Beginning with the line below that contains "Snake Print Bodycon Dress" and ending with the line that contains "American Hat Company", retype every line exactly. Pictures are not copied.

Input material>

• • • •

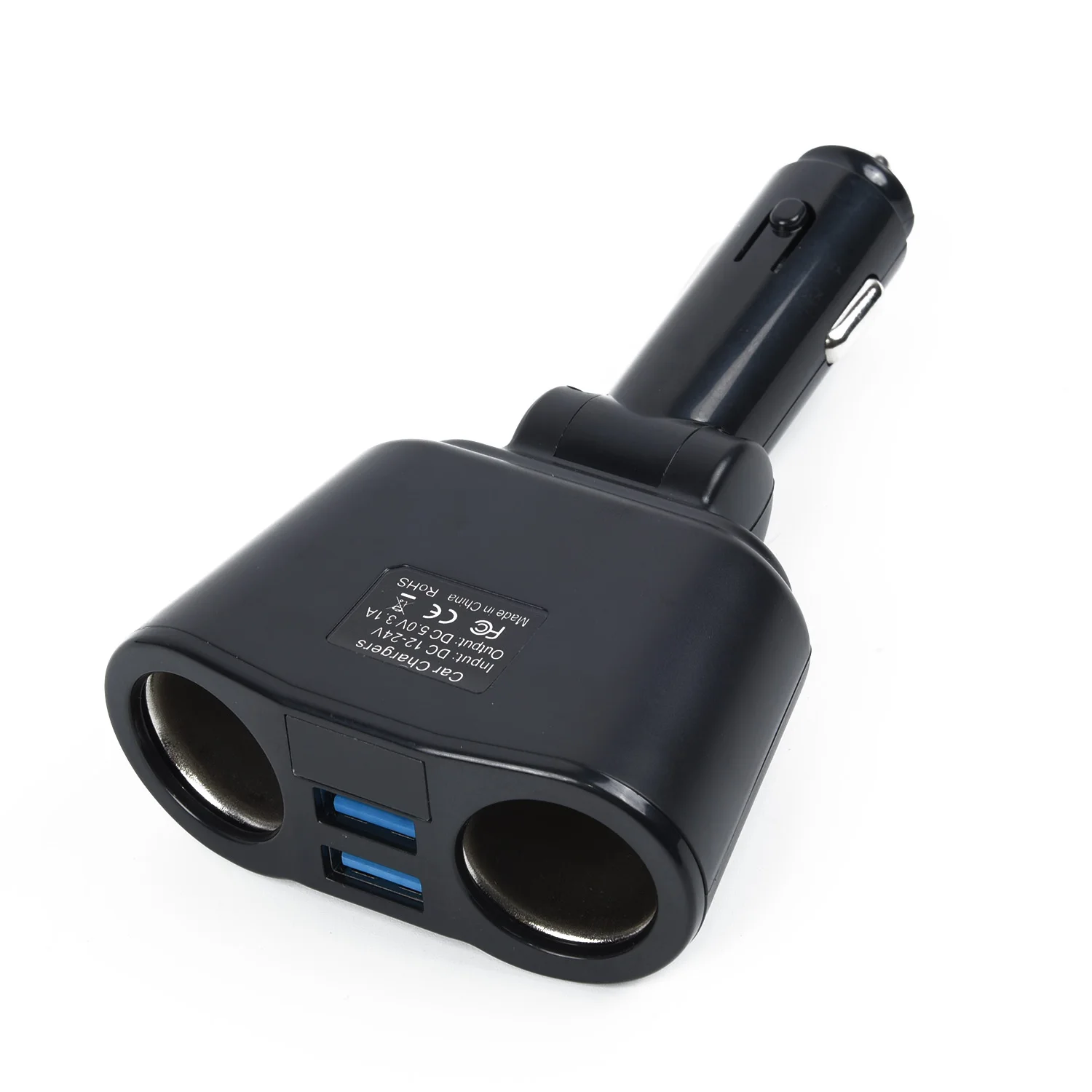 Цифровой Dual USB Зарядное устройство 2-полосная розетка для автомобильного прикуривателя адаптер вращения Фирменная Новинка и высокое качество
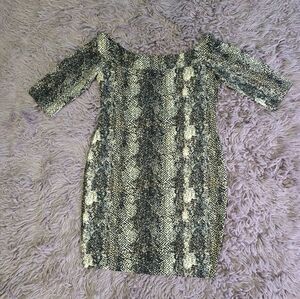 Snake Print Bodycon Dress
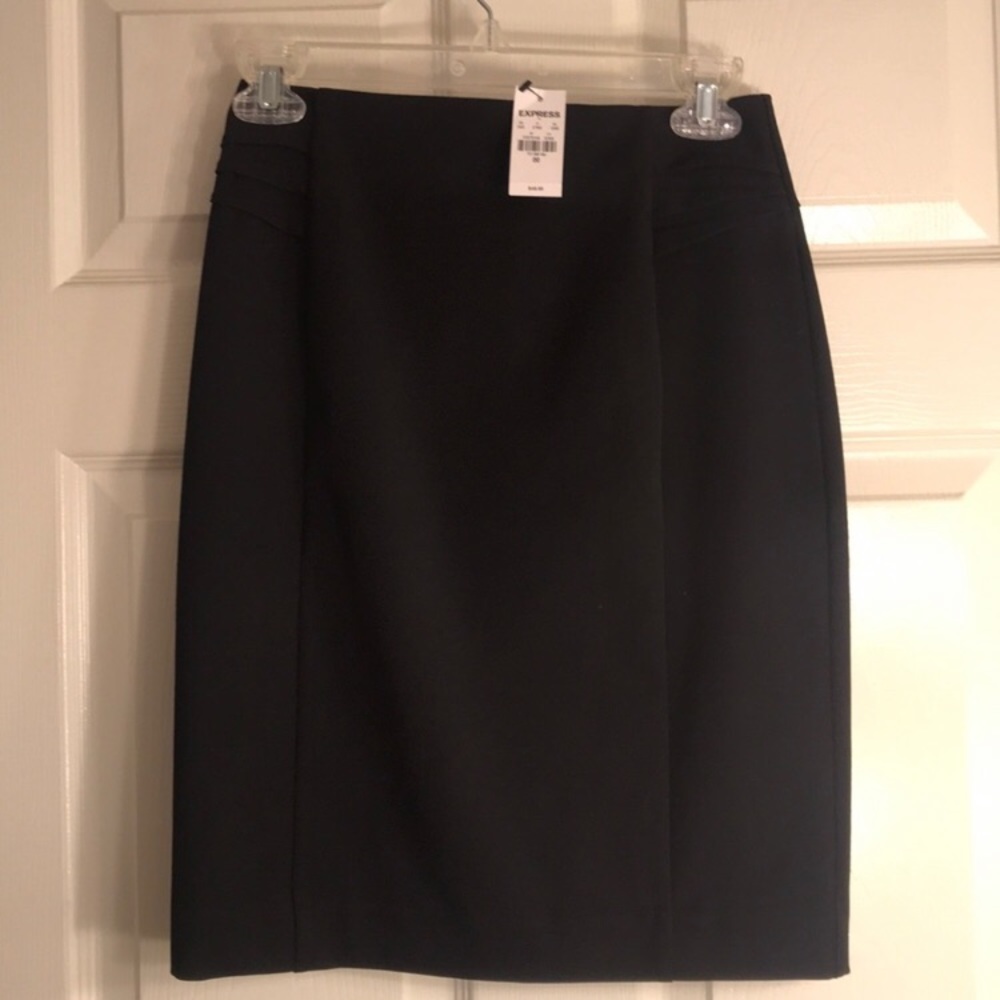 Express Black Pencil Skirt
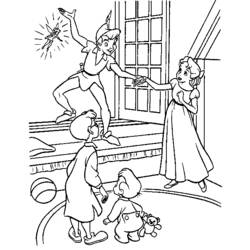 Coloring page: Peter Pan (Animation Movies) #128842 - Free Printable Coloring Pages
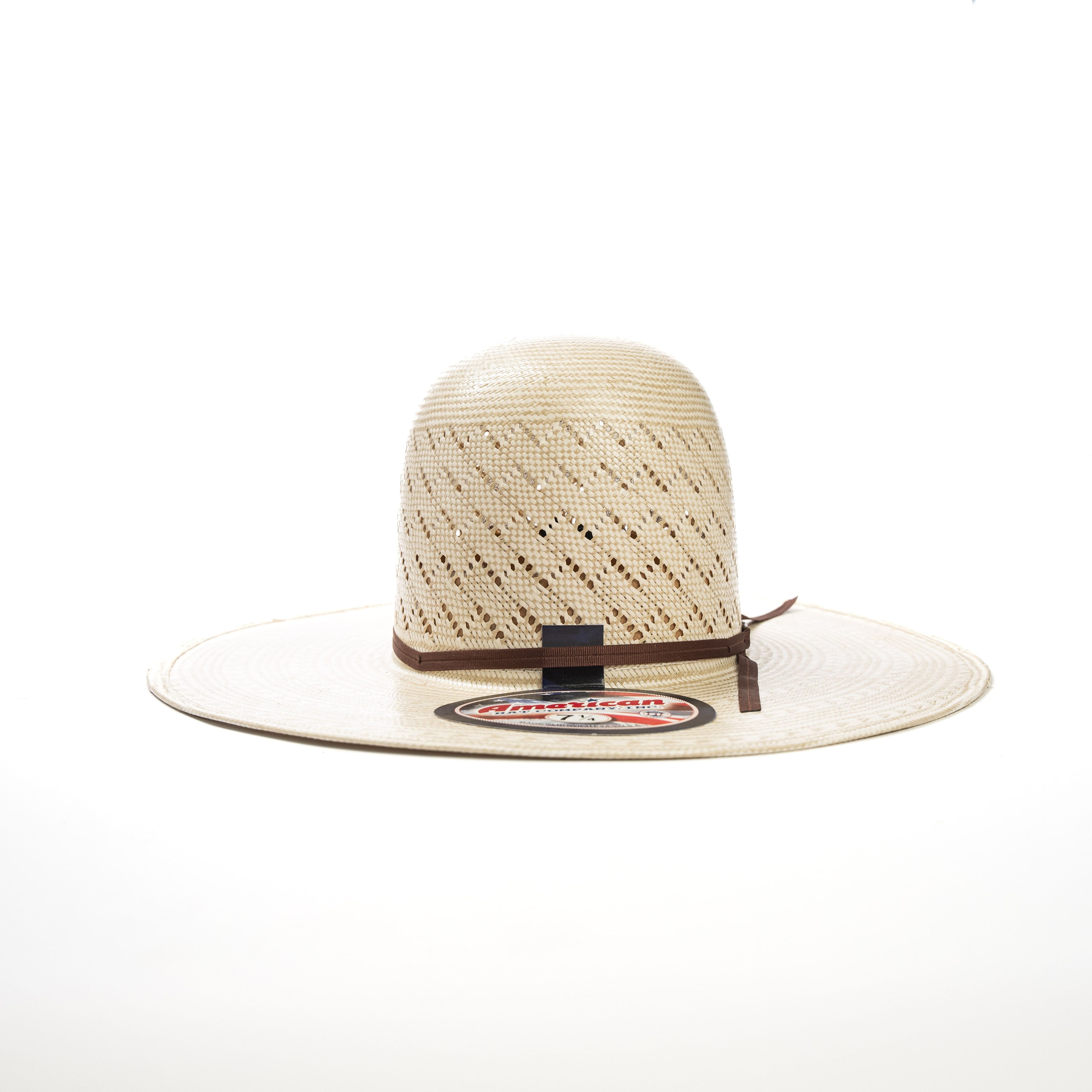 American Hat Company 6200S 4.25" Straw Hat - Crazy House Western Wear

• • • •

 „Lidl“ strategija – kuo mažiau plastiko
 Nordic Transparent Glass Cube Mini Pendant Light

• • • •

Solution to the problem>
 Snake Print Bodycon Dress
 Express Black Pencil Skirt
 Coloring page: Peter Pan (Animation Movies) #128842 - Free Printable Coloring Pages
 American Hat Company 6200S 4.25" Straw Hat - Crazy House Western Wear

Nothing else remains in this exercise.